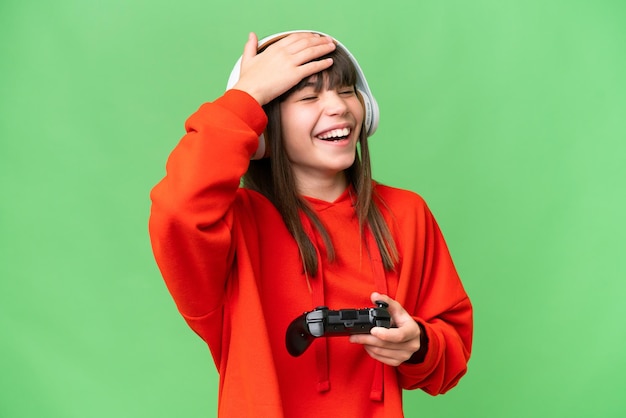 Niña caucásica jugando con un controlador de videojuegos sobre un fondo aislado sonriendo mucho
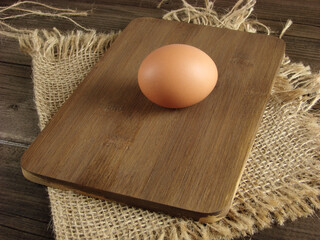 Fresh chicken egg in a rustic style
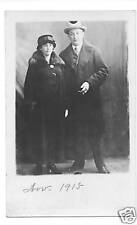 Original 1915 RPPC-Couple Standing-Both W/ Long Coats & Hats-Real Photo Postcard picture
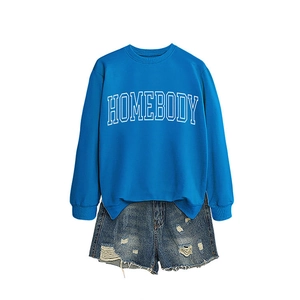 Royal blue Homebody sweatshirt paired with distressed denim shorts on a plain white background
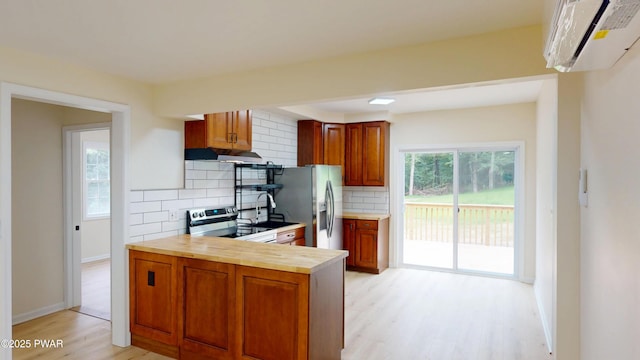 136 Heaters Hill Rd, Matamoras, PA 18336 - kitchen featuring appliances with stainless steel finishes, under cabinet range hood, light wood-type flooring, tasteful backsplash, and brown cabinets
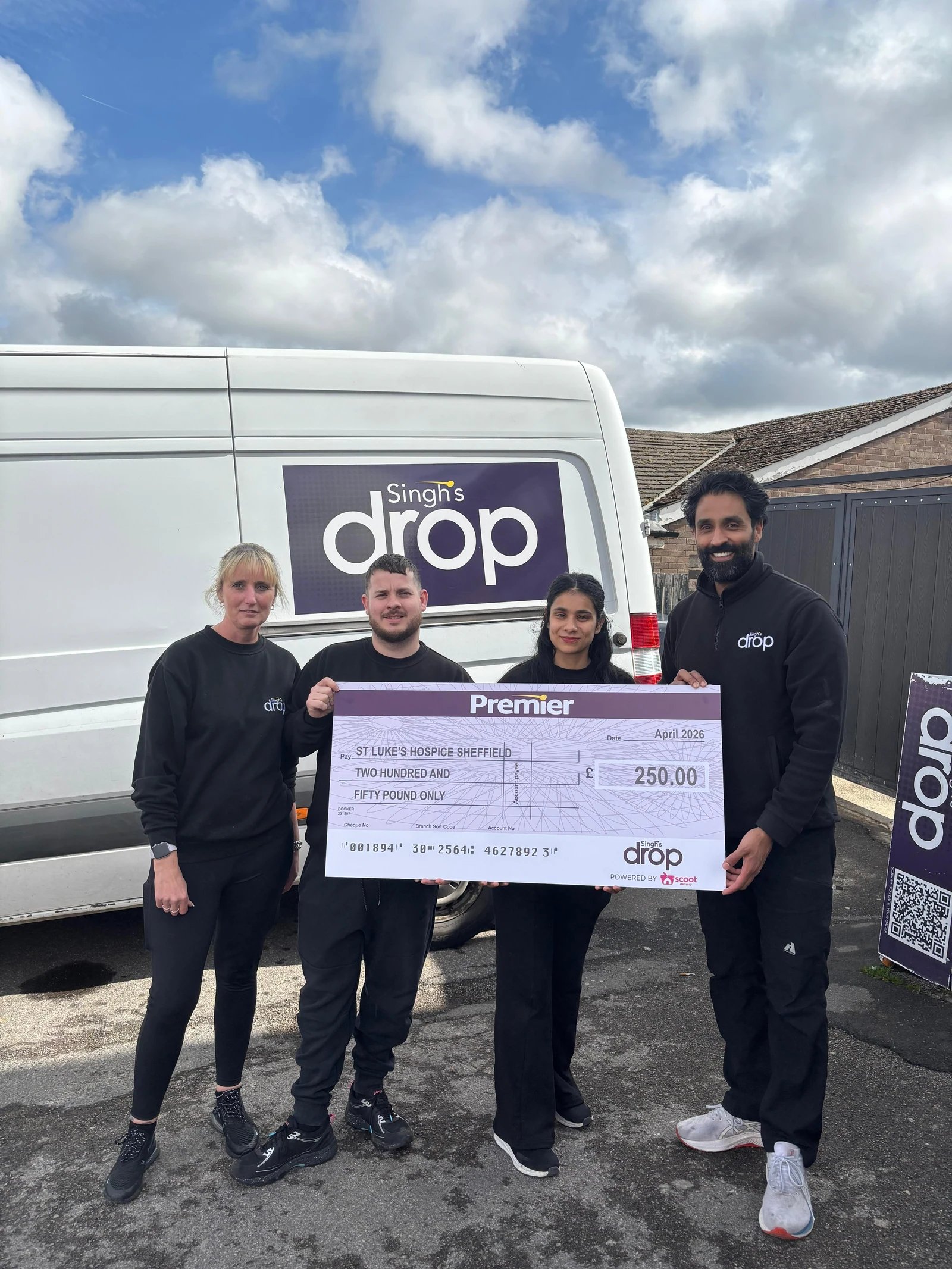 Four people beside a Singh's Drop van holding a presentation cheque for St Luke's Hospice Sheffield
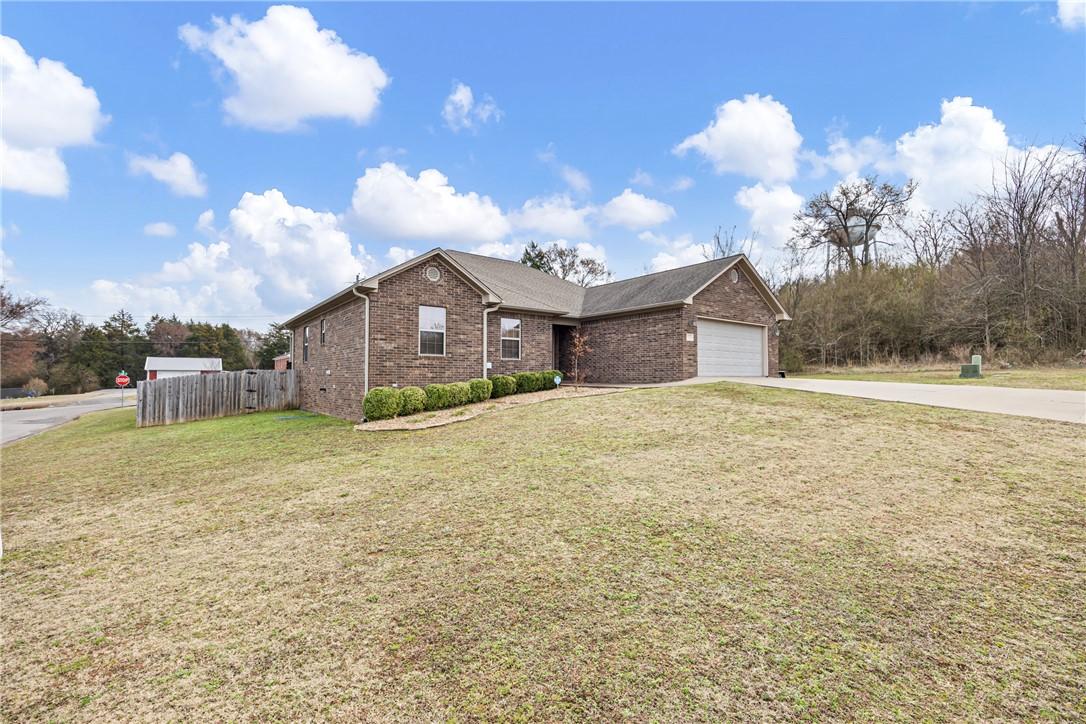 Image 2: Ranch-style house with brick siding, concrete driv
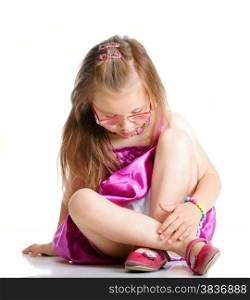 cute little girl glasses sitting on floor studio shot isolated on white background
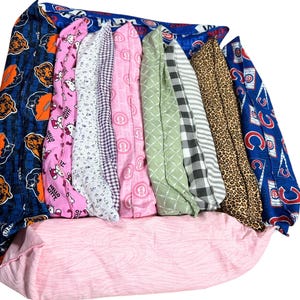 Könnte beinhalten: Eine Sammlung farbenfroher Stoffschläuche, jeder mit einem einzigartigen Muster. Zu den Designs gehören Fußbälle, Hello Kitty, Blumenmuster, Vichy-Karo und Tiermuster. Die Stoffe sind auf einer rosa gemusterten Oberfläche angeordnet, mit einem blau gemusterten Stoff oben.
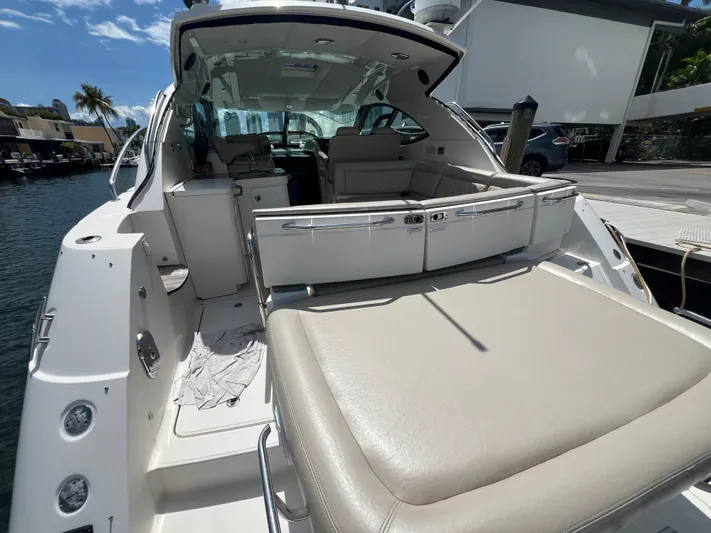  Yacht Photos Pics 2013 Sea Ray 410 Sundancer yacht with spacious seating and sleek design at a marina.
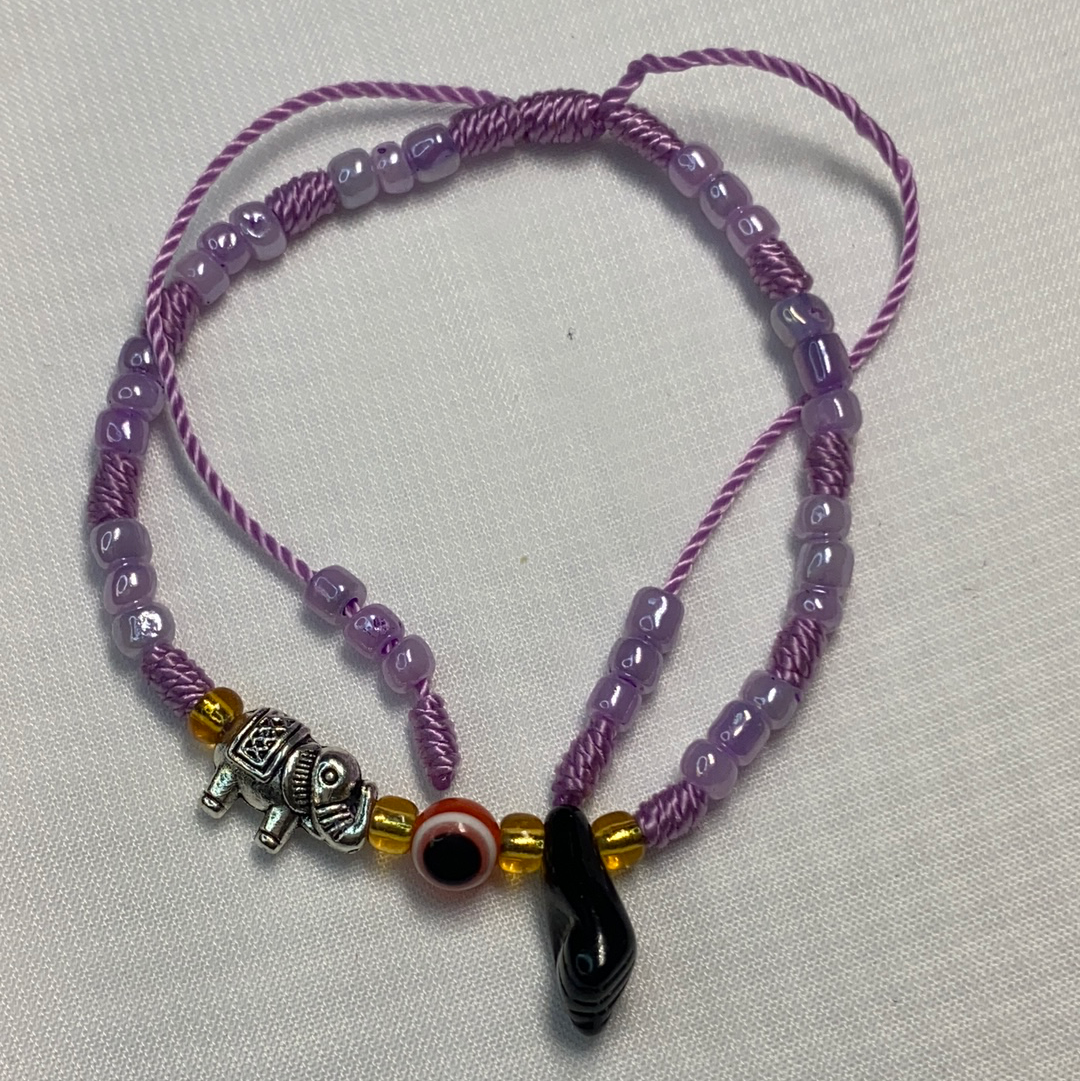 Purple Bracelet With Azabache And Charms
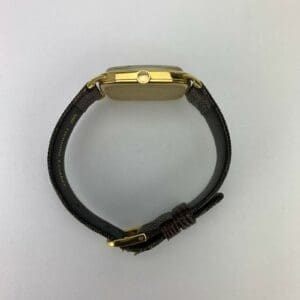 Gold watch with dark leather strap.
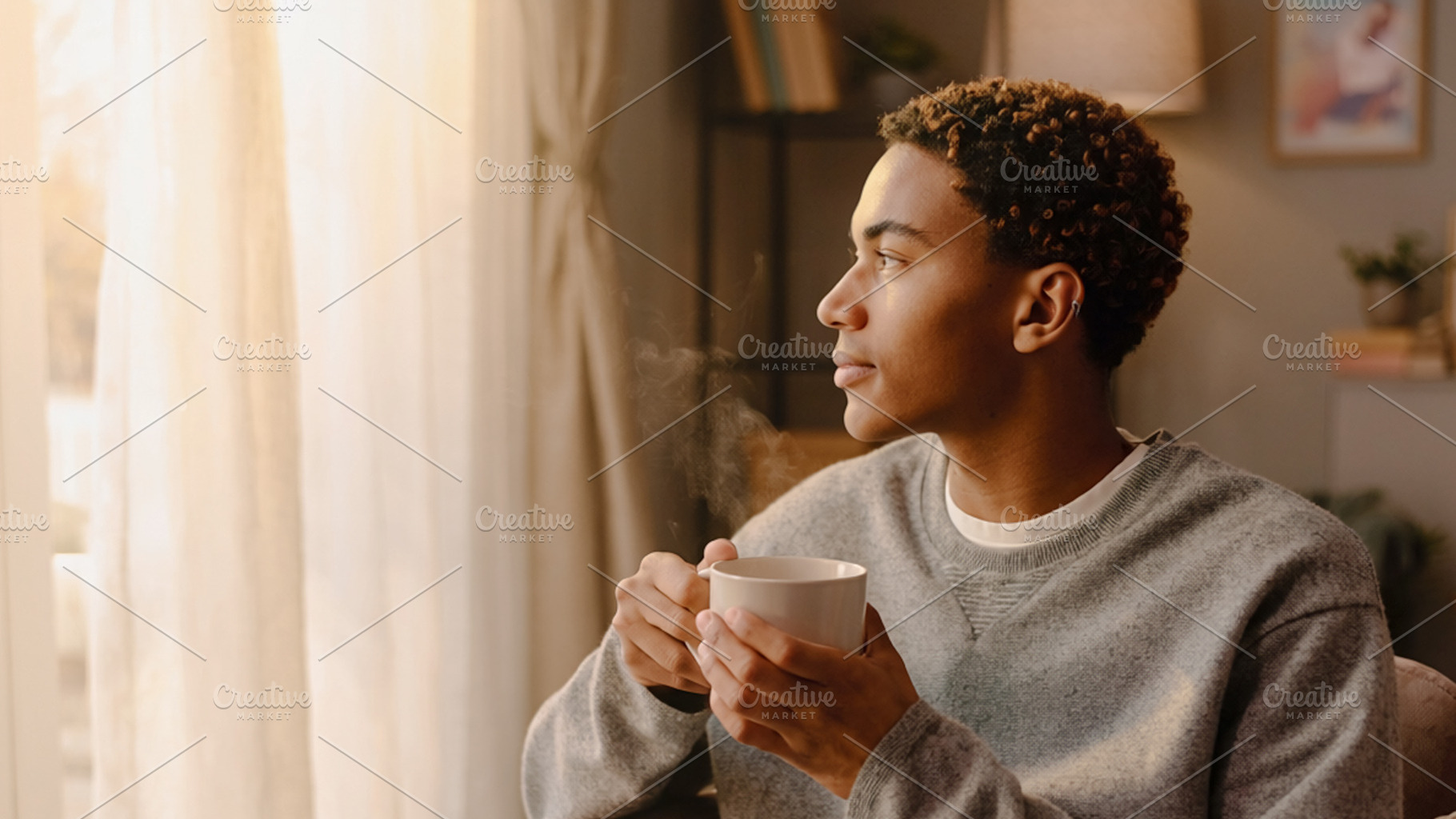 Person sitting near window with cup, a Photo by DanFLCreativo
○ ○ ○
* **Work order**
Everything from the line containing "cute little girl" through the last line of the records above is to be reproduced exactly, except the pictures.

* **Written solution**
 cute little girl glasses sitting on floor studio shot isolated on white background
 Könnte beinhalten: Eine Sammlung farbenfroher Stoffschläuche, jeder mit einem einzigartigen Muster. Zu den Designs gehören Fußbälle, Hello Kitty, Blumenmuster, Vichy-Karo und Tiermuster. Die Stoffe sind auf einer rosa gemusterten Oberfläche angeordnet, mit einem blau gemusterten Stoff oben.
  Yacht Photos Pics 2013 Sea Ray 410 Sundancer yacht with spacious seating and sleek design at a marina.
 Purple Bracelet With Azabache And Charms
 Gold watch with dark leather strap.
 Person sitting near window with cup, a Photo by DanFLCreativo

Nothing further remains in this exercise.